The U.S. Department of Education’s 21st Century 
Community Learning Center (21CCLC) program should 
encourage program evaluations that investigate a range 
of student outcomes, including academic achievement 
measured other than by state standardized tests. 


The U.S. Department of Education describes a broad vision 

for the 21st Century Community Learning Centers program, 
including providing opportunities for academic enrichment and 

a wide array of additional services, programs, and activities for 
students and families. Given this broad mandate and focus on 
enrichment, the indicators used by the federal government to 
judge the program’s performance may capture only a subset of 
potentially important outcomes. We particularly note that using 
state standardized test scores as key performance measures 
may set unrealistic expectations for what afterschool programs 
can and should accomplish. We recommend that the Department 
encourage states and their evaluators to use measures that are 
clearly aligned to the purposes of the programs and sensitive to 
changes that they realistically could produce. 


Recommendations for evaluators 


Thoroughly report program elements, implementation 
challenges, and cost. 


To use research in practice, providers need to know what the 
program offered, how it offered these components, and what 
they cost. Providers can use information about a program’s 
implementation to assess whether the program is suitable for 
their setting, whether their staff have the training or capacity 

to implement the activities, what implementation challenges to 
expect, and the like. To respond to this need, we collected and 
summarized information available from the studies included in 
the review, but we found that too often studies provide minimal 
descriptions of the program. If research is to support decision- 
making, evaluators need to provide much more detail about the 
features of programs and settings they have studied. 

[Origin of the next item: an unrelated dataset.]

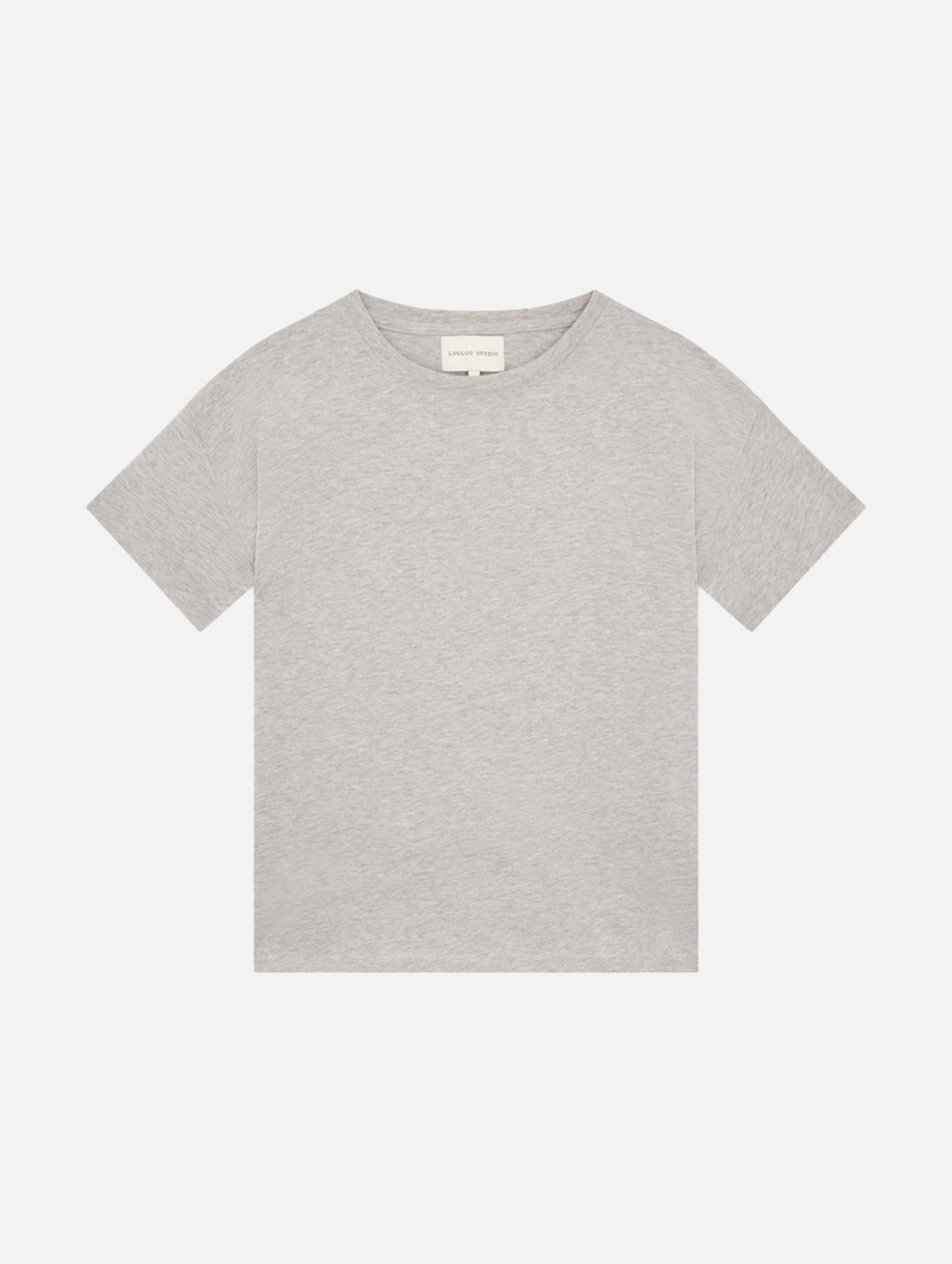 Basiluzzo Short Sleeve Tee in Grey Melange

Provide all information needed to conduct a study review 
for ESSA. 


To determine the ESSA tier for each study that we reviewed, we 
used only the information that study authors provided about their 
findings. We did not contact authors for additional information 

if an important piece of technical detail, such as a standard 
deviation or sample attrition, was missing. In a few cases, the lack 
of this information meant that we could not rate the study, and in 
other cases, studies might have been rated at a lower tier than 
they would have been if we had all the information we needed. 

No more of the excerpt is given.